[Short text fragments from websites]

======

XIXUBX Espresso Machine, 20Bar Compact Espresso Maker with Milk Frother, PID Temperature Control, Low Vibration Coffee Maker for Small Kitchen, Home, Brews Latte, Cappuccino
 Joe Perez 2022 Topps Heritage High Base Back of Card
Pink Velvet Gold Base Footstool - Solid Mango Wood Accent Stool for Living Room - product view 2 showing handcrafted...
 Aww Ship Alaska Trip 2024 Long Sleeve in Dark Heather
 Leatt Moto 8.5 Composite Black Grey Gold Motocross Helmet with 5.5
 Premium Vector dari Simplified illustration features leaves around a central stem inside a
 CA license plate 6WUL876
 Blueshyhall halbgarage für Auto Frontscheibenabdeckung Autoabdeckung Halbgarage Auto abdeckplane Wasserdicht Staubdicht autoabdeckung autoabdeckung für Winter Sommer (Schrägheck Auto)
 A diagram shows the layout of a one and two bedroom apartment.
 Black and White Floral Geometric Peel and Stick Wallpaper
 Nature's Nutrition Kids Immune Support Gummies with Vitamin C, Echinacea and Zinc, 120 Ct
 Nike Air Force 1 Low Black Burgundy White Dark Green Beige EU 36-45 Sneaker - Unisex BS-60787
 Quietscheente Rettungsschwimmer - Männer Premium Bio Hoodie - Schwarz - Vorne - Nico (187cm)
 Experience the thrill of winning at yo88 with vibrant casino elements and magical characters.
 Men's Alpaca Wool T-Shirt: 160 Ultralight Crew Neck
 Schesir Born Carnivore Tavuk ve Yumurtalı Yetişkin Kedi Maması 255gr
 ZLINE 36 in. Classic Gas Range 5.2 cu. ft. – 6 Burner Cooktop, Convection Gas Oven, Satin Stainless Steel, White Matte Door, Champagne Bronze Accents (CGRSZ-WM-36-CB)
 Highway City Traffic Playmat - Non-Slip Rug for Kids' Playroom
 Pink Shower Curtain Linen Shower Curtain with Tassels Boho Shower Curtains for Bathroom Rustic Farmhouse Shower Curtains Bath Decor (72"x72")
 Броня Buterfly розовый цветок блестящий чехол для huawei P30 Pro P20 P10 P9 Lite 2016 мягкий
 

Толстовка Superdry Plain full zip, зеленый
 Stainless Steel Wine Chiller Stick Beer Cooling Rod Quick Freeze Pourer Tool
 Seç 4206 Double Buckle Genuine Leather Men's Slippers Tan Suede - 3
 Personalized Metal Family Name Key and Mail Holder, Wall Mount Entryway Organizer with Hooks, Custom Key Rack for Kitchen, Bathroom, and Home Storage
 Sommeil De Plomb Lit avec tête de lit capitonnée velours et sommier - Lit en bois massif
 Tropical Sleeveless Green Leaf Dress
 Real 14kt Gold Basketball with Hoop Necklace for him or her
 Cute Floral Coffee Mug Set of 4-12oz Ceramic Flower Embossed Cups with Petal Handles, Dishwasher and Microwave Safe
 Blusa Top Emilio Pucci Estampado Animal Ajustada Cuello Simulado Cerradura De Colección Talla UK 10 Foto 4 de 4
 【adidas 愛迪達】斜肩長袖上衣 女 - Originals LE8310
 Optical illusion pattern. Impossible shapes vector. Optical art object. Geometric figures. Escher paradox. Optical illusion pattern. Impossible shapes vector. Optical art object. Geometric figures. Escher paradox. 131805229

======

> _What you have to do_
Return, with no change at all, every line in the entries above from the line containing "Black and White" through the line containing "- Originals LE8310".

> _Reply to the task_
 Black and White Floral Geometric Peel and Stick Wallpaper
 Nature's Nutrition Kids Immune Support Gummies with Vitamin C, Echinacea and Zinc, 120 Ct
 Nike Air Force 1 Low Black Burgundy White Dark Green Beige EU 36-45 Sneaker - Unisex BS-60787
 Quietscheente Rettungsschwimmer - Männer Premium Bio Hoodie - Schwarz - Vorne - Nico (187cm)
 Experience the thrill of winning at yo88 with vibrant casino elements and magical characters.
 Men's Alpaca Wool T-Shirt: 160 Ultralight Crew Neck
 Schesir Born Carnivore Tavuk ve Yumurtalı Yetişkin Kedi Maması 255gr
 ZLINE 36 in. Classic Gas Range 5.2 cu. ft. – 6 Burner Cooktop, Convection Gas Oven, Satin Stainless Steel, White Matte Door, Champagne Bronze Accents (CGRSZ-WM-36-CB)
 Highway City Traffic Playmat - Non-Slip Rug for Kids' Playroom
 Pink Shower Curtain Linen Shower Curtain with Tassels Boho Shower Curtains for Bathroom Rustic Farmhouse Shower Curtains Bath Decor (72"x72")
 Броня Buterfly розовый цветок блестящий чехол для huawei P30 Pro P20 P10 P9 Lite 2016 мягкий
 

Толстовка Superdry Plain full zip, зеленый
 Stainless Steel Wine Chiller Stick Beer Cooling Rod Quick Freeze Pourer Tool
 Seç 4206 Double Buckle Genuine Leather Men's Slippers Tan Suede - 3
 Personalized Metal Family Name Key and Mail Holder, Wall Mount Entryway Organizer with Hooks, Custom Key Rack for Kitchen, Bathroom, and Home Storage
 Sommeil De Plomb Lit avec tête de lit capitonnée velours et sommier - Lit en bois massif
 Tropical Sleeveless Green Leaf Dress
 Real 14kt Gold Basketball with Hoop Necklace for him or her
 Cute Floral Coffee Mug Set of 4-12oz Ceramic Flower Embossed Cups with Petal Handles, Dishwasher and Microwave Safe
 Blusa Top Emilio Pucci Estampado Animal Ajustada Cuello Simulado Cerradura De Colección Talla UK 10 Foto 4 de 4
 【adidas 愛迪達】斜肩長袖上衣 女 - Originals LE8310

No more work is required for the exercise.